More than half of marketers admit that they are not using lead generation effectively, according to new research from the Internet Advertising Bureau (IAB).
The IAB says that the lead generation sector grew by 20% in the first half of 2011, faster than the industry’s understanding of the discipline.
The survey polled 125 marketers from advertisers, agencies, networks and suppliers, and found that although the majority of respondents understand how lead generation can increase a customer base, 52% said they weren’t using it in the most effective way.
Trine Buus, chair of the IAB’s lead generation council, said, “There is still a lack of understanding on what it is. Lead generation is a discipline that advertisers haven’t looked into and traditionally there’s a lack of transparency from suppliers.”
Buus, who is also international product director for ad pepper, said that lead generation is essentially about customer acquisition.

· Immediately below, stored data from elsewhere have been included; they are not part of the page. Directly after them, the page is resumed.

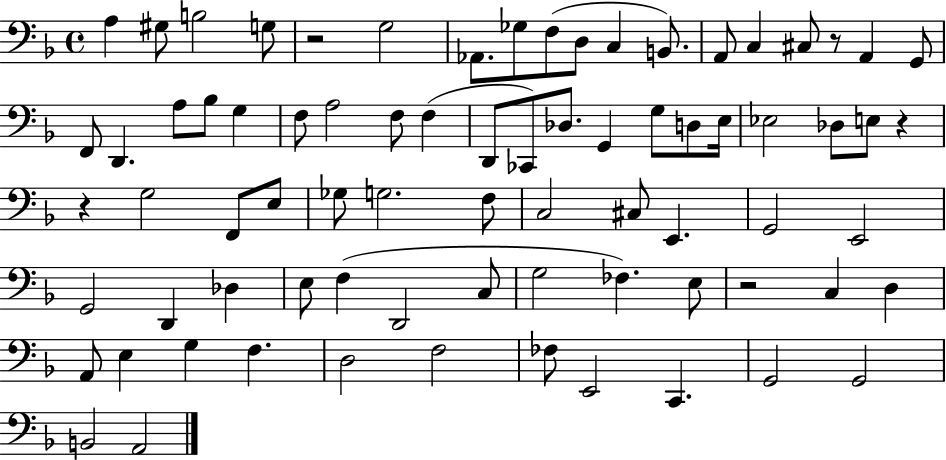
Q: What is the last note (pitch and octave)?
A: A2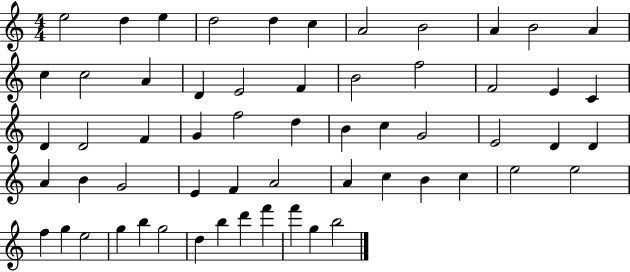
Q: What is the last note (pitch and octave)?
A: B5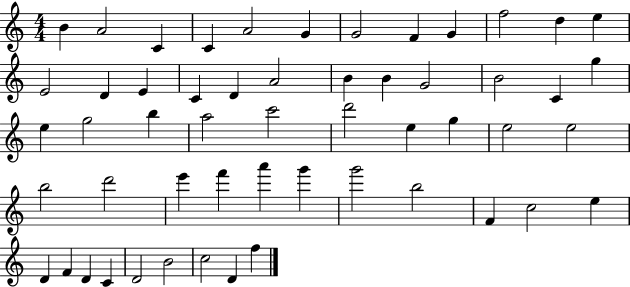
B4/q A4/h C4/q C4/q A4/h G4/q G4/h F4/q G4/q F5/h D5/q E5/q E4/h D4/q E4/q C4/q D4/q A4/h B4/q B4/q G4/h B4/h C4/q G5/q E5/q G5/h B5/q A5/h C6/h D6/h E5/q G5/q E5/h E5/h B5/h D6/h E6/q F6/q A6/q G6/q G6/h B5/h F4/q C5/h E5/q D4/q F4/q D4/q C4/q D4/h B4/h C5/h D4/q F5/q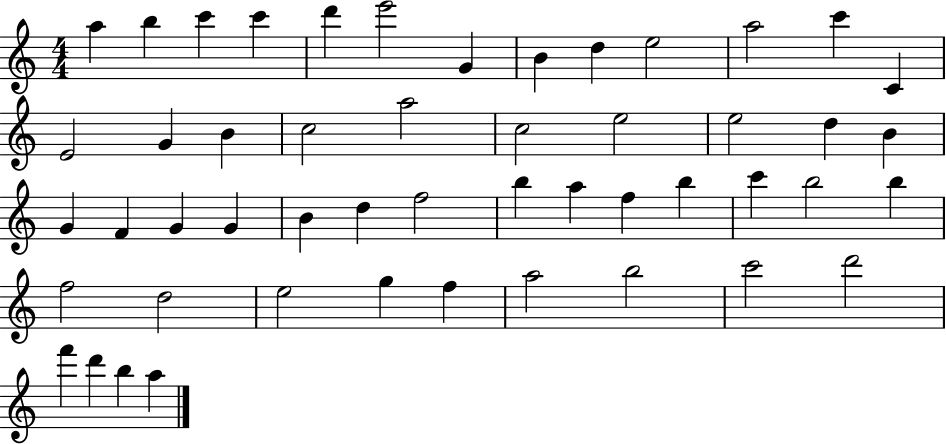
{
  \clef treble
  \numericTimeSignature
  \time 4/4
  \key c \major
  a''4 b''4 c'''4 c'''4 | d'''4 e'''2 g'4 | b'4 d''4 e''2 | a''2 c'''4 c'4 | \break e'2 g'4 b'4 | c''2 a''2 | c''2 e''2 | e''2 d''4 b'4 | \break g'4 f'4 g'4 g'4 | b'4 d''4 f''2 | b''4 a''4 f''4 b''4 | c'''4 b''2 b''4 | \break f''2 d''2 | e''2 g''4 f''4 | a''2 b''2 | c'''2 d'''2 | \break f'''4 d'''4 b''4 a''4 | \bar "|."
}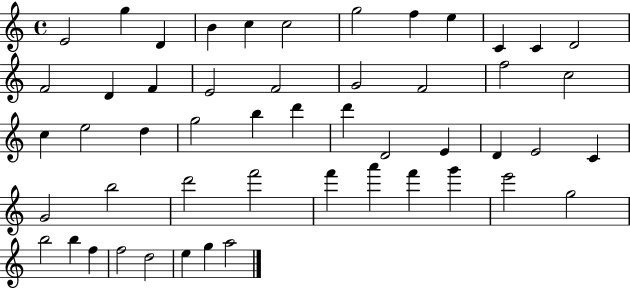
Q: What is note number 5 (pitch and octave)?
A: C5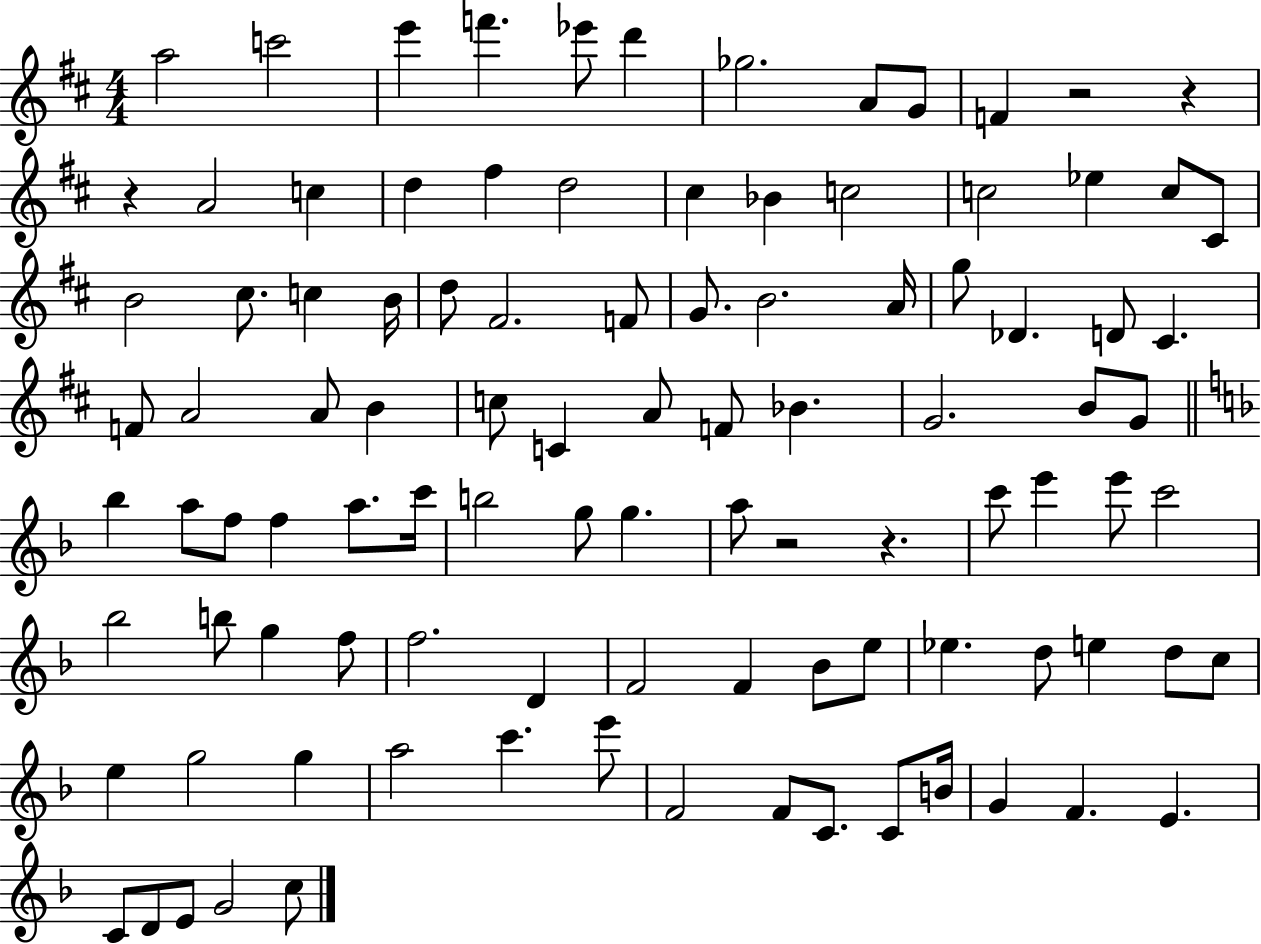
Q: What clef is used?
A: treble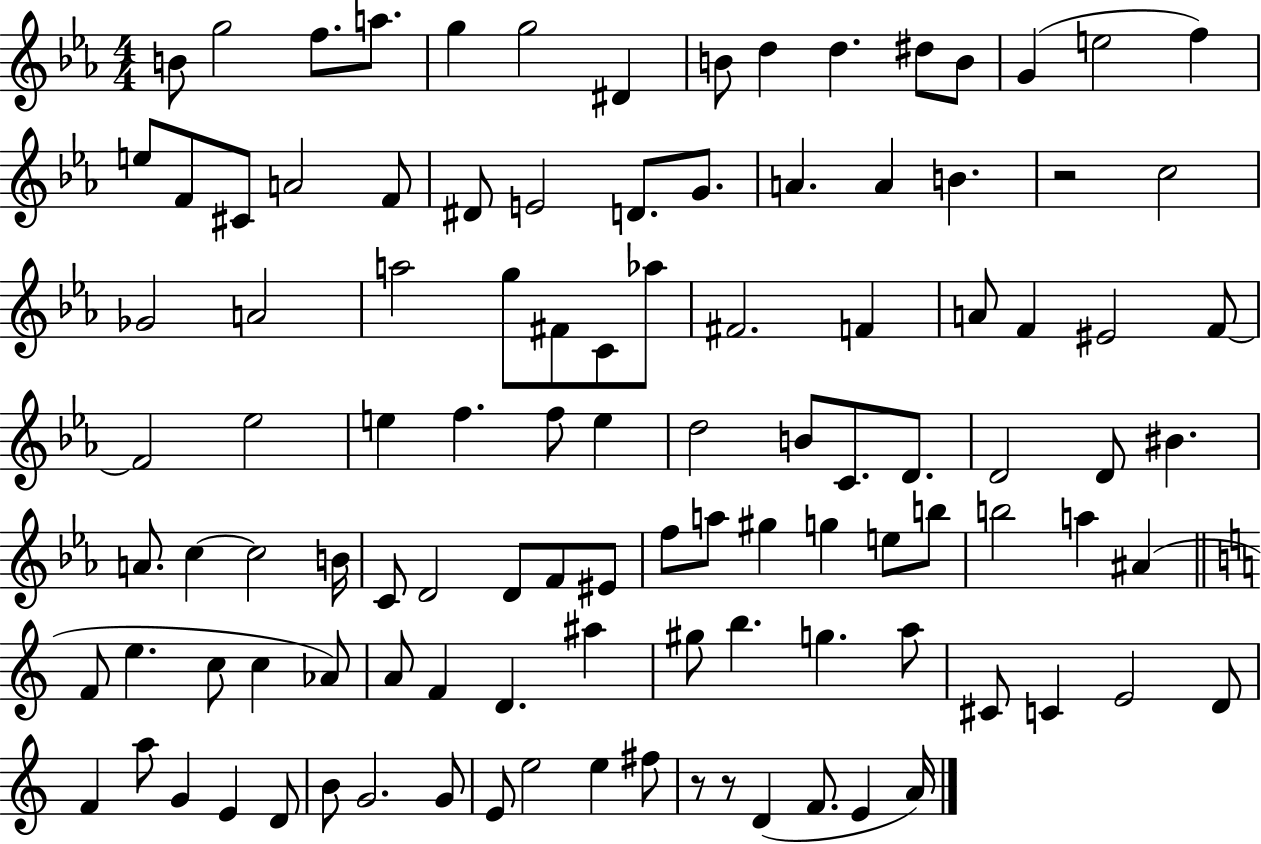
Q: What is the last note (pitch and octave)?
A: A4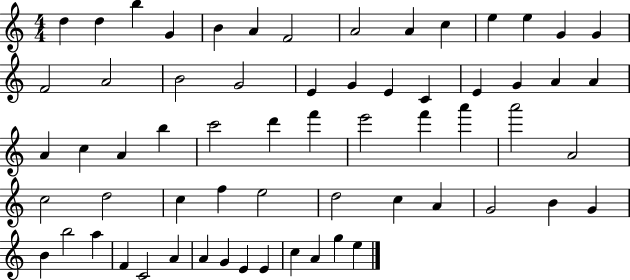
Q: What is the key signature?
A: C major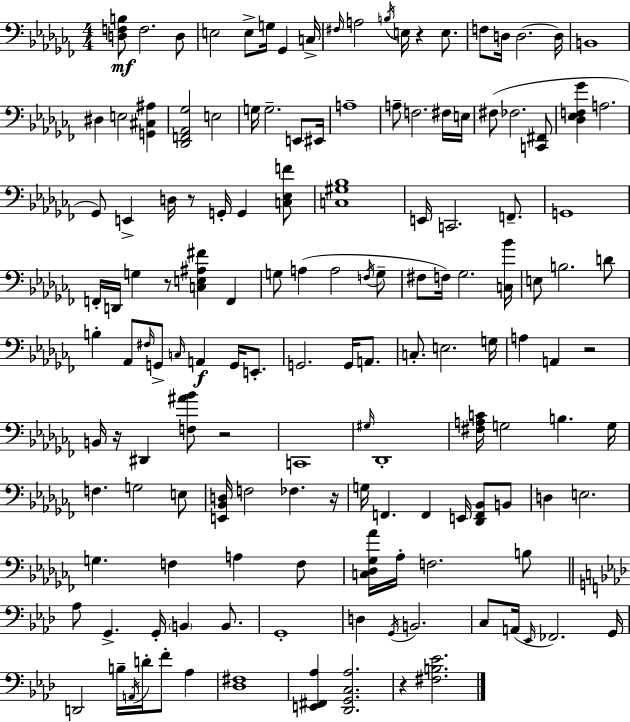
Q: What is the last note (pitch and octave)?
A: Ab3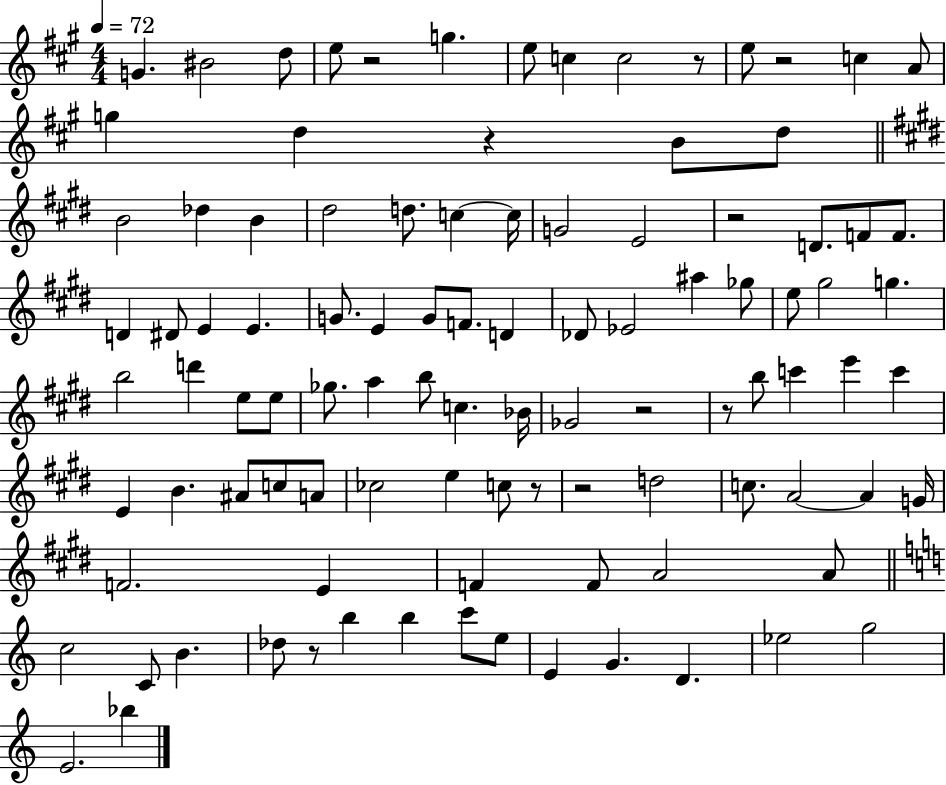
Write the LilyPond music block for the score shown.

{
  \clef treble
  \numericTimeSignature
  \time 4/4
  \key a \major
  \tempo 4 = 72
  \repeat volta 2 { g'4. bis'2 d''8 | e''8 r2 g''4. | e''8 c''4 c''2 r8 | e''8 r2 c''4 a'8 | \break g''4 d''4 r4 b'8 d''8 | \bar "||" \break \key e \major b'2 des''4 b'4 | dis''2 d''8. c''4~~ c''16 | g'2 e'2 | r2 d'8. f'8 f'8. | \break d'4 dis'8 e'4 e'4. | g'8. e'4 g'8 f'8. d'4 | des'8 ees'2 ais''4 ges''8 | e''8 gis''2 g''4. | \break b''2 d'''4 e''8 e''8 | ges''8. a''4 b''8 c''4. bes'16 | ges'2 r2 | r8 b''8 c'''4 e'''4 c'''4 | \break e'4 b'4. ais'8 c''8 a'8 | ces''2 e''4 c''8 r8 | r2 d''2 | c''8. a'2~~ a'4 g'16 | \break f'2. e'4 | f'4 f'8 a'2 a'8 | \bar "||" \break \key a \minor c''2 c'8 b'4. | des''8 r8 b''4 b''4 c'''8 e''8 | e'4 g'4. d'4. | ees''2 g''2 | \break e'2. bes''4 | } \bar "|."
}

Prospective customers are taken to a landing page where they give permission to be contacted – the data from customers who opt in is then passed on to marketers to contact them and convert into sales.
The benefit of lead generation is that because the customers are opted in, you own the data and the permissions. That data is very valuable.”
The IAB says that a large part of the process is educating people on how to evaluate ROI.
Yet despite a lack of clarity, 33% of respondents to the survey said they allocated more than £100,000 to lead generation in 2011, while 40% will increase the budget in 2012.
However, 29% pointed out that expensive CPAs could prevent higher spending, while 28% cited difficulties moving budget from other marketing channels as a challenge.
According to the IAB, email (49%), natural search (46%), pay per click (44%) and affiliate marketing (30%) provide the most leads, but there is a knowledge gap between sectors.